To help us get prepared for the season opener Thursday night against the Green Wave, Scott Kushner, Tulane reporter for the New Orleans Advocate, agreed to a Q&A breaking down what the Deacs are likely to see when they have the ball on offense.
What can the Deacs expect to see from the Tulane defense?
A lot more talent than you'd probably expect. The Green Wave had stretches of brilliance defensively last season, but its offense was so poor that the numbers don't match the ability. Tanzel Smart is a rare kind of disruptor at defensive tackle and was an All AAC selection. Nico Marley is excellent in the middle of the defense and has started for 35+ games. The secondary is the piece Tulane is quietly very confident in though. Parry Nickerson broke Tulane's record for interceptions by a freshman in 2013 and outperformed current Denver Broncos Lorenzo Doss and Taurean Nixon that whole season. However, he took a step back last year. Meanwhile, Jarrod Franklin came on the scene and is a safety Willie Fritz has raved about all spring.
The question revolves around the pieces other than those proven guys because many of them haven't been part of a successful unit. There is also extremely limited depth which will hurt TU over the course of the season, but I expect to see a return to one of the AAC's better defenses when those pieces are healthy.

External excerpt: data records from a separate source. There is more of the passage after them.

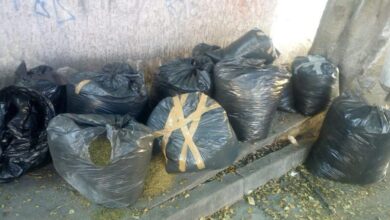 Michoacán, SEMAR, Narcotráfico, Decomiso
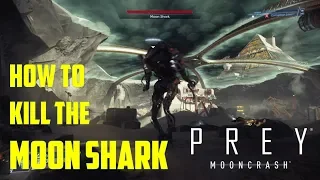How to kill The Moon Shark (Prey Mooncrash)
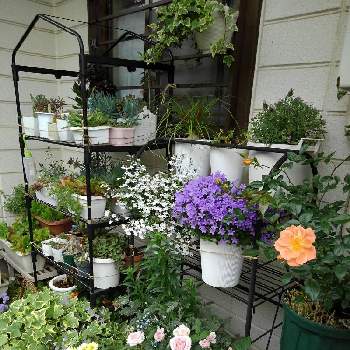 庭の植物の楽しみの画像 by 香代子ね✨さん | テラスと花のある暮らしと庭の植物の楽しみとおうち園芸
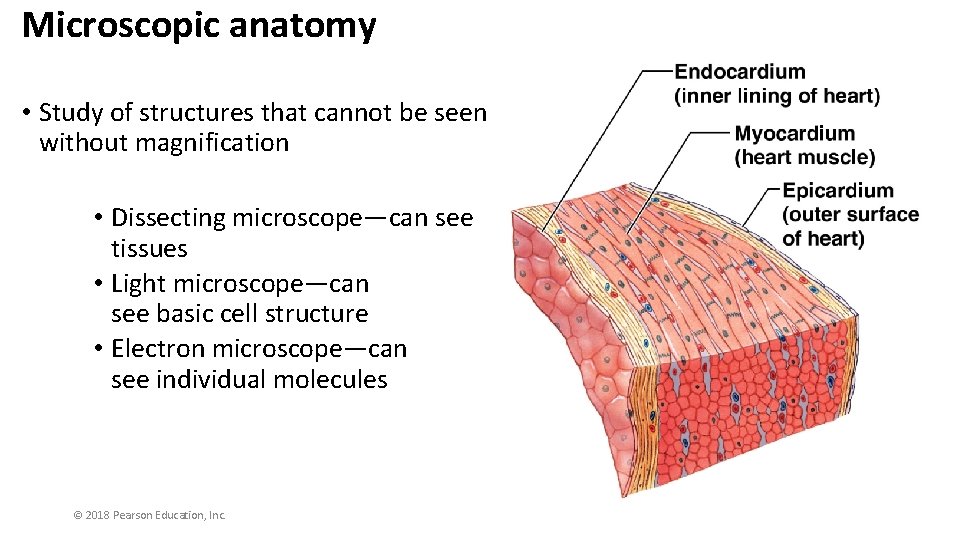 Microscopic anatomy • Study of structures that cannot be seen without magnification • Dissecting
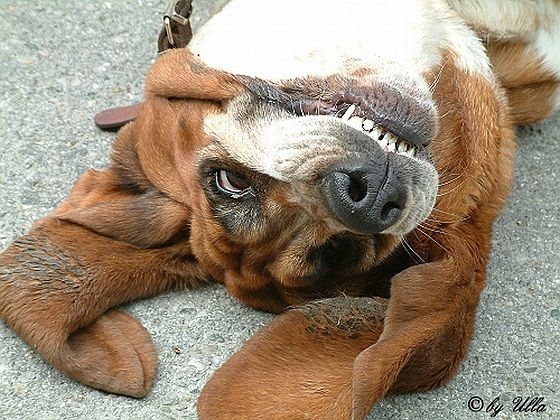 Szczęśliwy pies Szczęśliwy pies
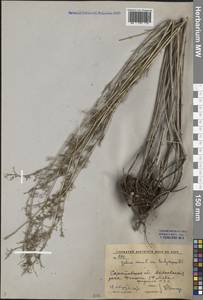 Galium verum subsp. verum, Eastern Europe, Lower Volga region (E9) (Russia)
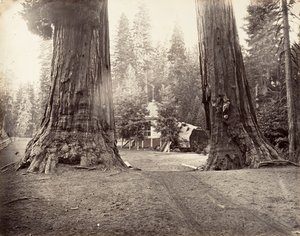 The Sentinels, 315 Feet, Yosemite, ca. 1872, printed ca. 1876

What makes Nico Marley such a dangerous linebacker?
He can get from sideline to sideline remarkably well and lays a significant pop despite his small stature. He's also one of the better linebackers I've ever covered as far as forcing turnovers and recovering fumbles when they're on the ground. There's a reason he has started every game since he arrived on campus on 2013.
Wake has a stable of six young, talented and interchangeable receivers. What will they face from the Green Wave secondary?
Nickerson and Franklin are the most reliable guys and have NFL level talent. I'm sure Wake and most other opponents will try to throw at Donnie Lewis Jr and Richard Allen, two corners who have played a good bit and flashed some potential, but haven't proven to be consistent. Either are capable of giving up a big play. It still remains to be seen exactly what Tulane will get from Roderic Teamer as well, who starts at safety next to Franklin. He's a big hitter who can make plays but admitted he made mistakes last year chasing highlights over making tackles.
Who will the Green Wave rely upon to get pressure on the Wake quarterbacks?
Tanzel Smart is a force in the middle. He is very hard to block and is the defender most responsible for Tulane having so much success against Navy last season, in a year when Keenan Reynolds torched everyone else on Navy's schedule. The rest of Tulane's pass rushers are capable of getting pressure but aren't the threat that Smart is, which is why he's often double teamed. In passing obvious situations, defensive end Ade Aruna is particularly dangerous. The long, lean defensive end can get up the field as well as anyone but really struggles to keep the edge in run situations, which limits him a bit.
Tulane season expectations?
Hard to say. Willie Fritz is a winner and there's a reason he's turned four different schools into conference champions. However, the talent level on offense is still very iffy and there is zero experience from quarterbacks to help ease the transition. I believe a 4-8 season is the most likely result.